### [The data]

⁂

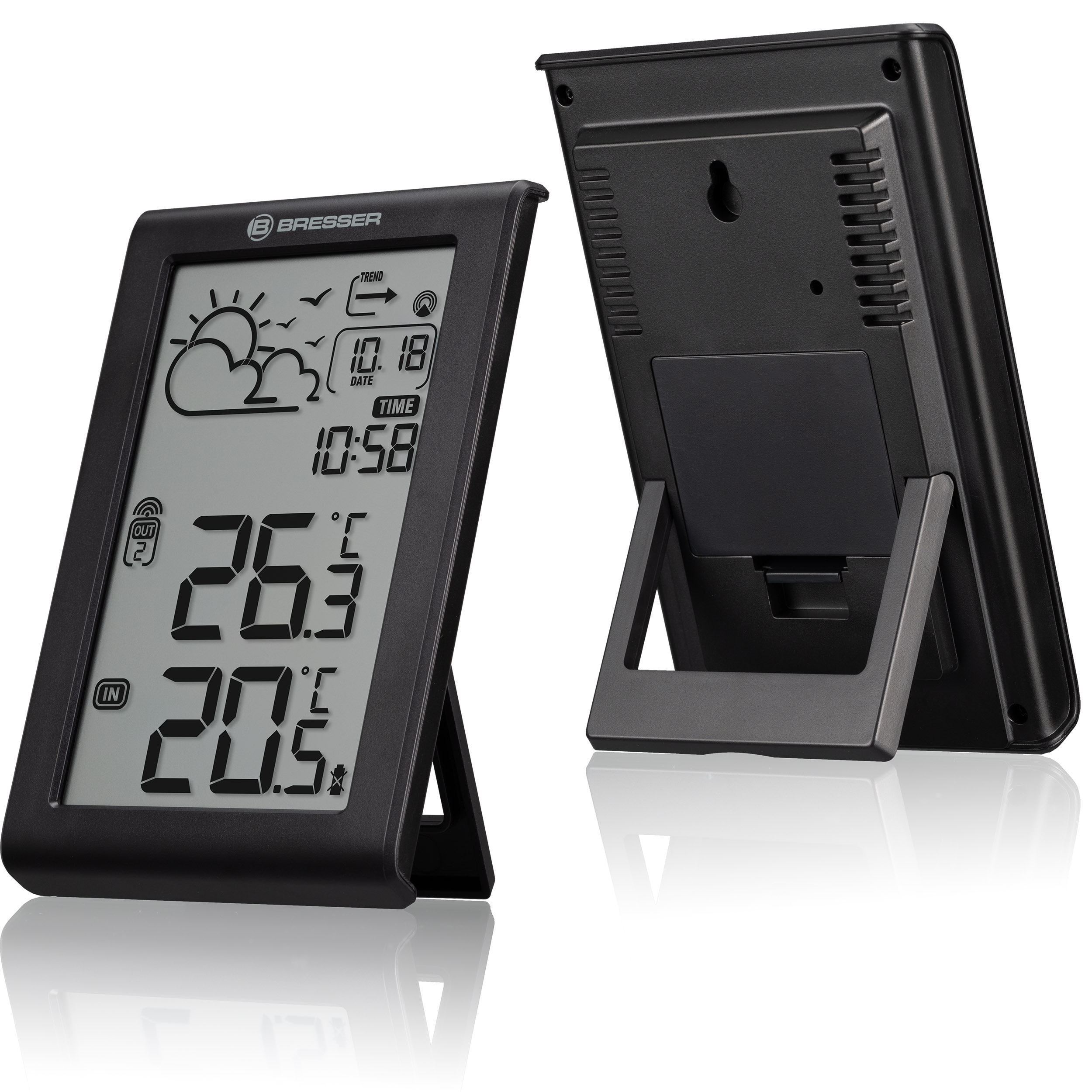 Estación Meteorológica MeteoTemp W con Señal Horaria DCF Negro-3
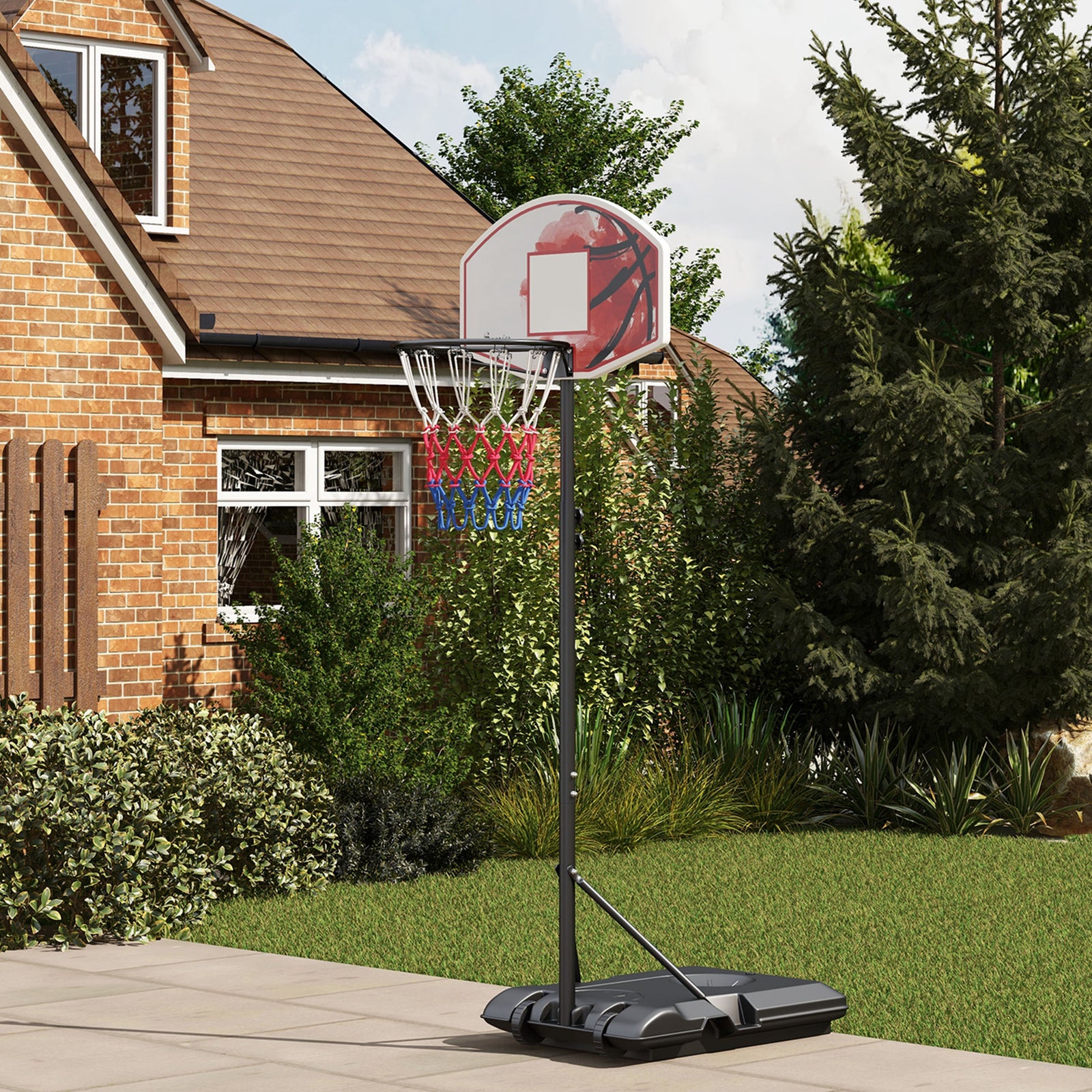 Adjustable Basketball Hoop And Stand With Wheels | Black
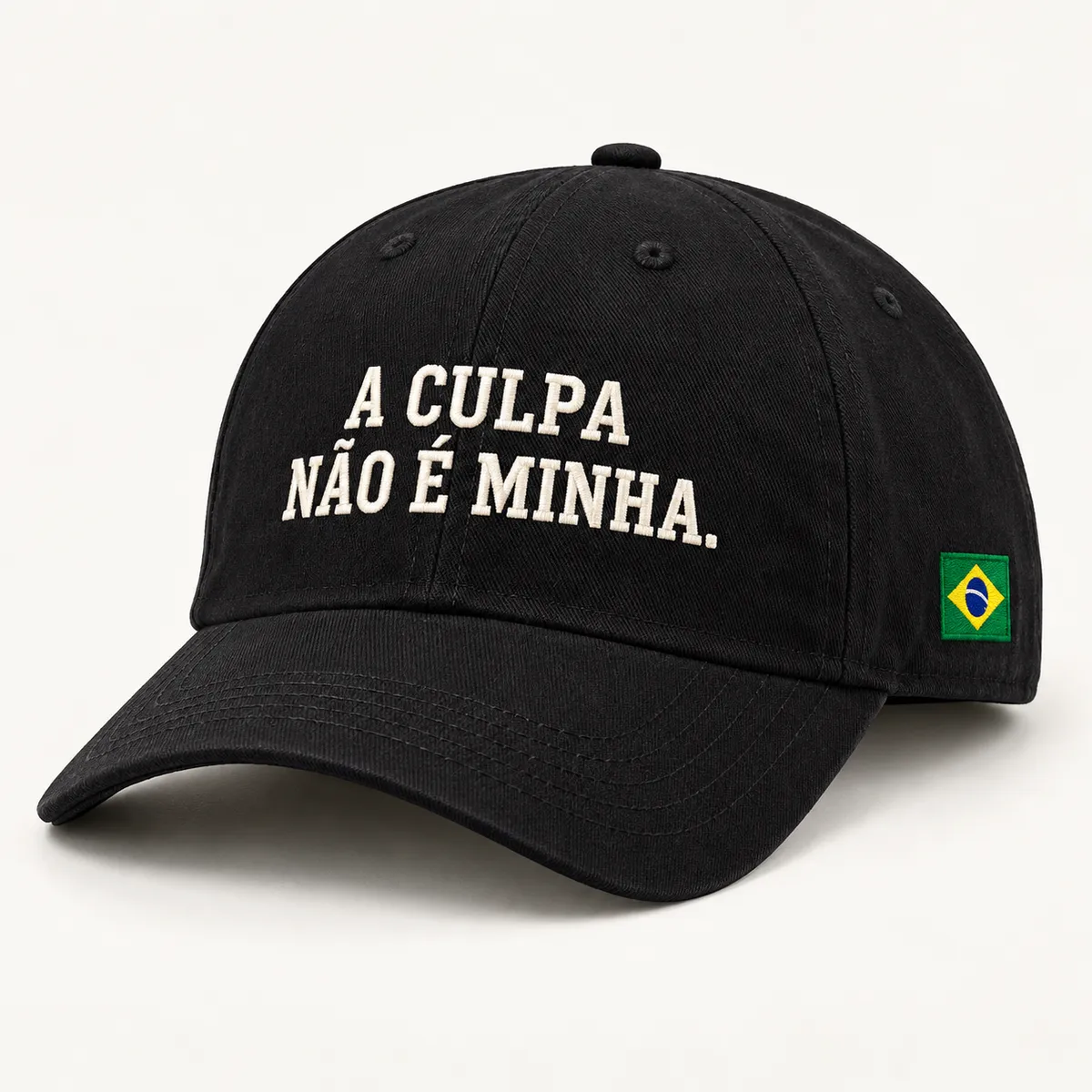 Boné Dad Hat A Culpa Não É Minha Preto, frente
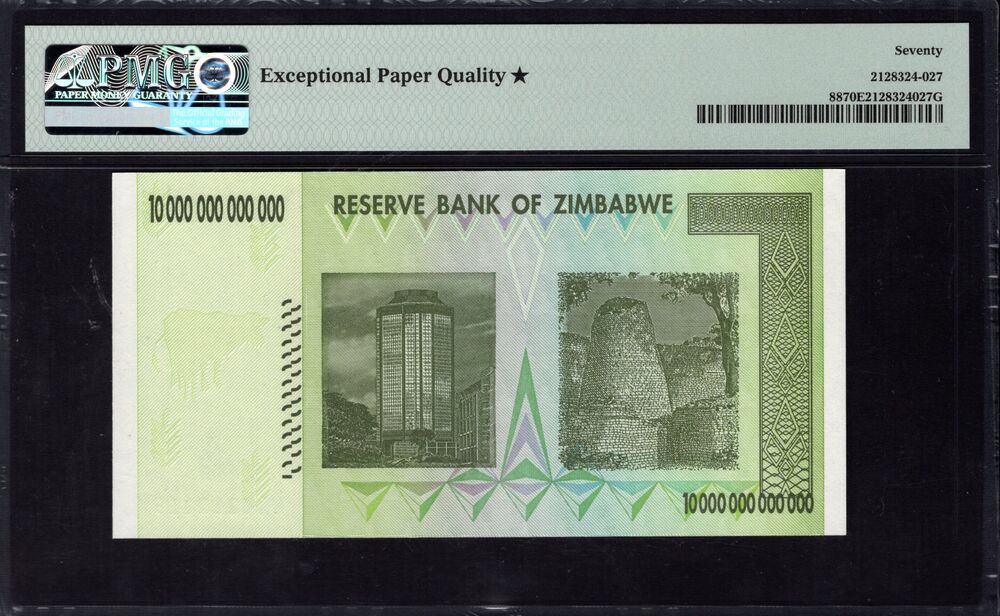 Zimbabwe -  10 Trillion 2008 - Pick # 88 - PMG 70 EPQ★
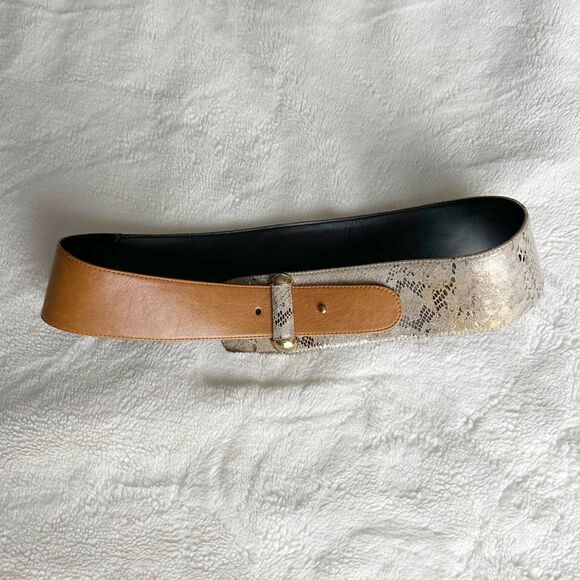RAINA BELT vixen asymmetrical snake embossed leather belt $175 main image 5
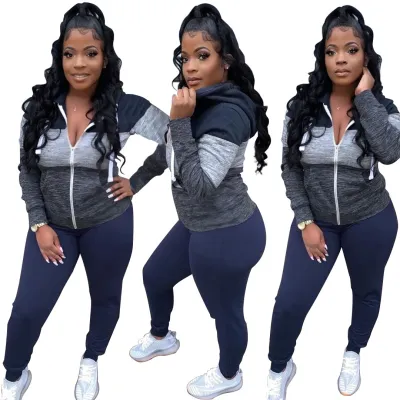 Autumn Contrast Zip Up Hoody Track Suit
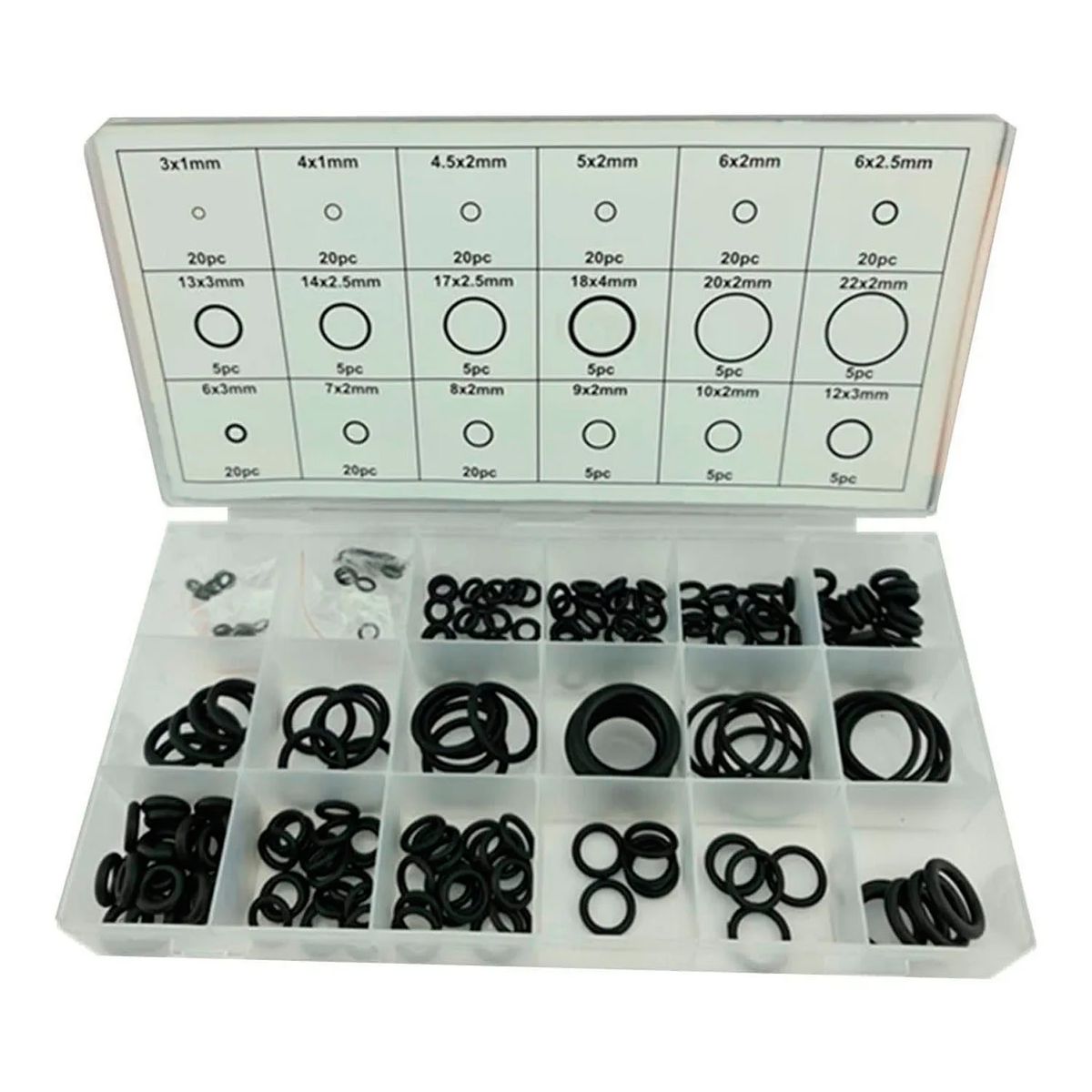 MAKAWA - Juego Orrines O-ring Universales 225 Pcs Milimetro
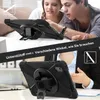 Two people are looking at a tablet in a protective case, and a close-up of the tablet case is shown. Produktbild-Vorschau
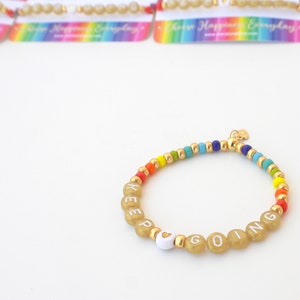 Keep Going Letter Bead Bracelet A Positive and Happy Bead Bracelet With ...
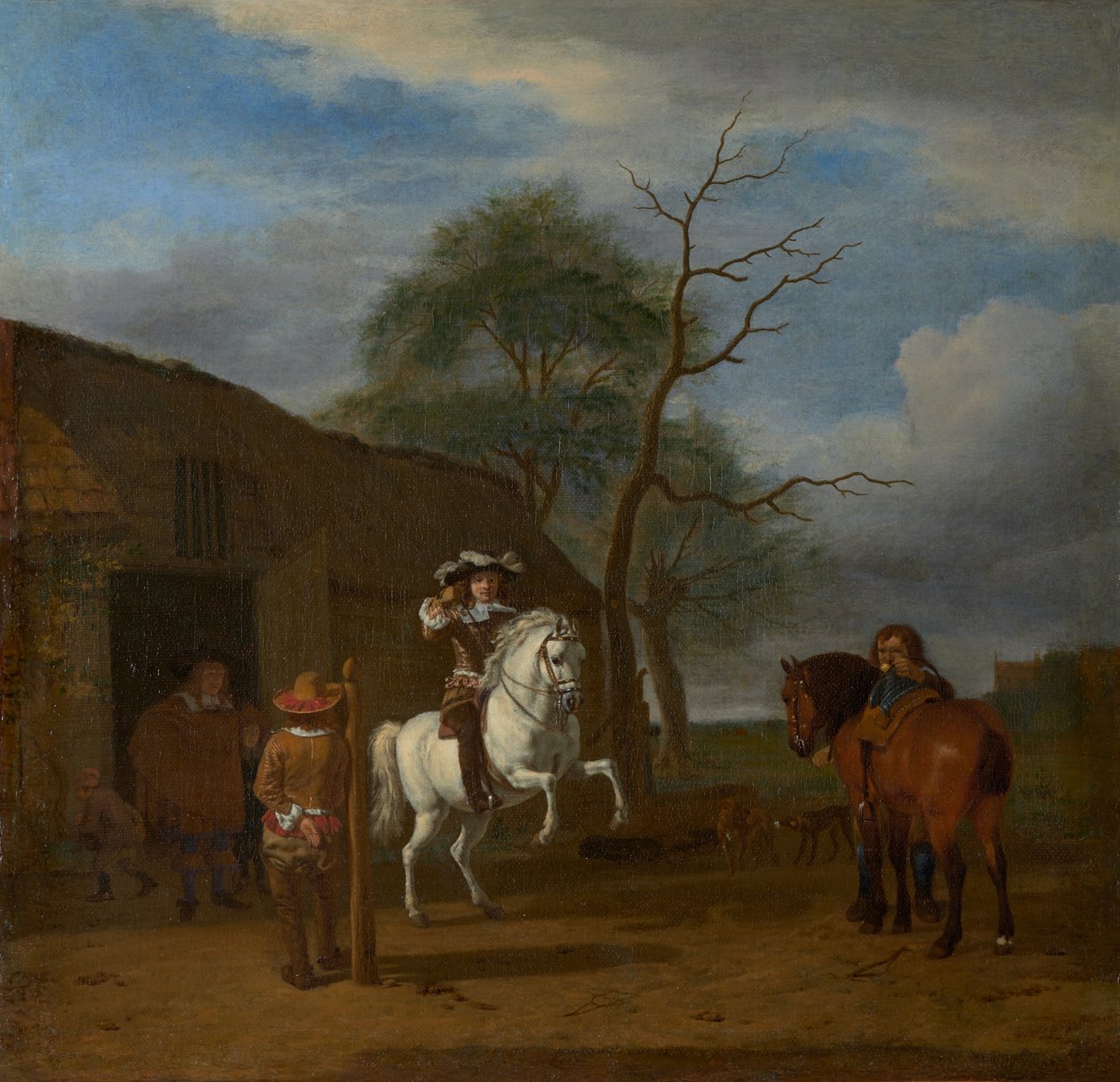 Ujeżdżalnia, ok. 1658 (olej na płótnie) autorstwa Adriaen van de Velde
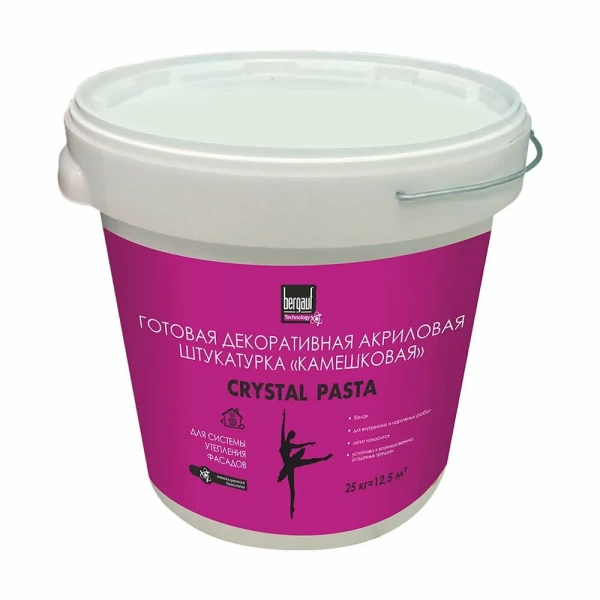 Бергауф Crystal Pasta готовая декоративная акриловая штукатурка с фактурой камешковая1-1,5 мм,25кг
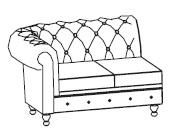 Двухместная секция с левым подлокотником Диван Боттичелли Энгл-2L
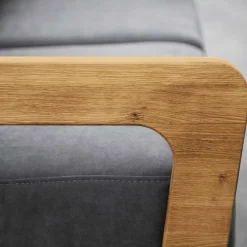 Wohnen Hellgraues Stoff Sofa mit Wildeiche Gestell - Hardus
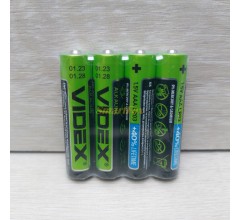 Батарейка VIDEX ALKALINE 1.5V AAA LR03 (ціна за 1шт, продаж упаковкою 4шт)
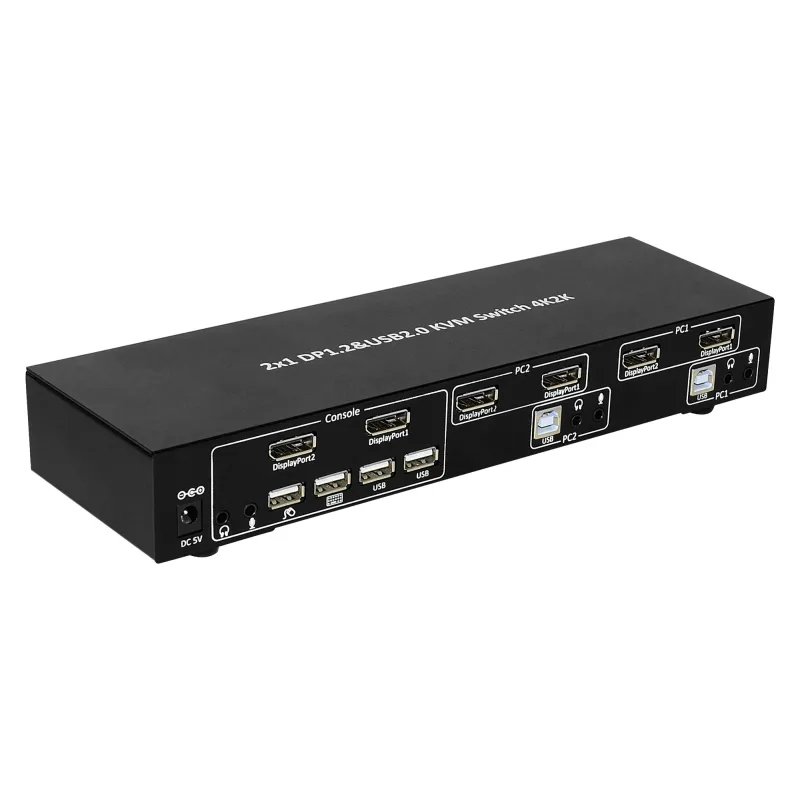 Switch KVM 2 porte DisplayPort1.2 per doppio Monitor 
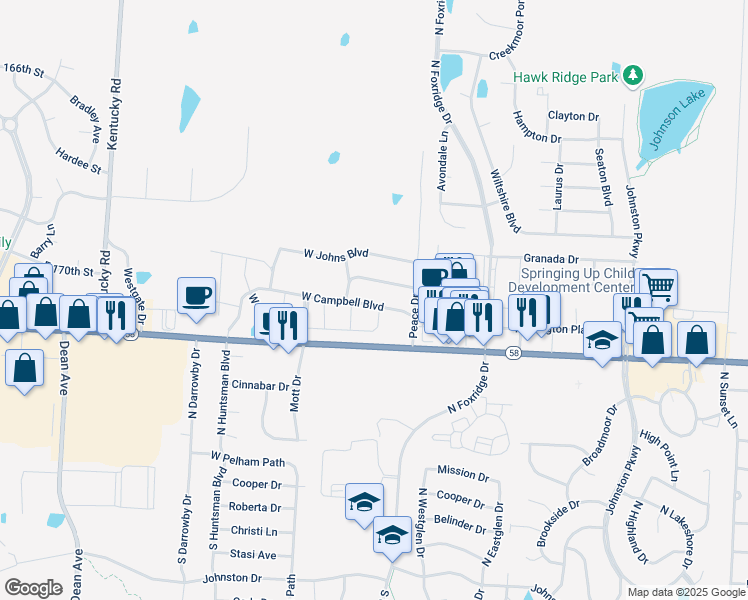 map of restaurants, bars, coffee shops, grocery stores, and more near 1322 West Campbell Boulevard in Raymore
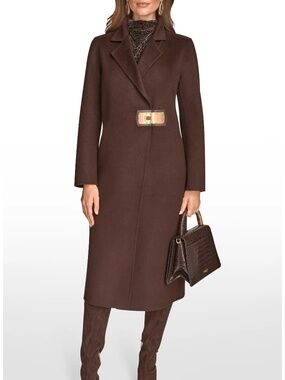 Donna Karan Wool Blend Buckle Coat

⁂

### [Task description]
Leave the pictures out, and retype exactly the lines from the one containing "Батарейка VIDEX ALKALINE" through the last line of the entries above, both included.

### [Written response]
 Батарейка VIDEX ALKALINE 1.5V AAA LR03 (ціна за 1шт, продаж упаковкою 4шт)
 Switch KVM 2 porte DisplayPort1.2 per doppio Monitor 
 map of restaurants, bars, coffee shops, grocery stores, and more near 1322 West Campbell Boulevard in Raymore
 Donna Karan Wool Blend Buckle Coat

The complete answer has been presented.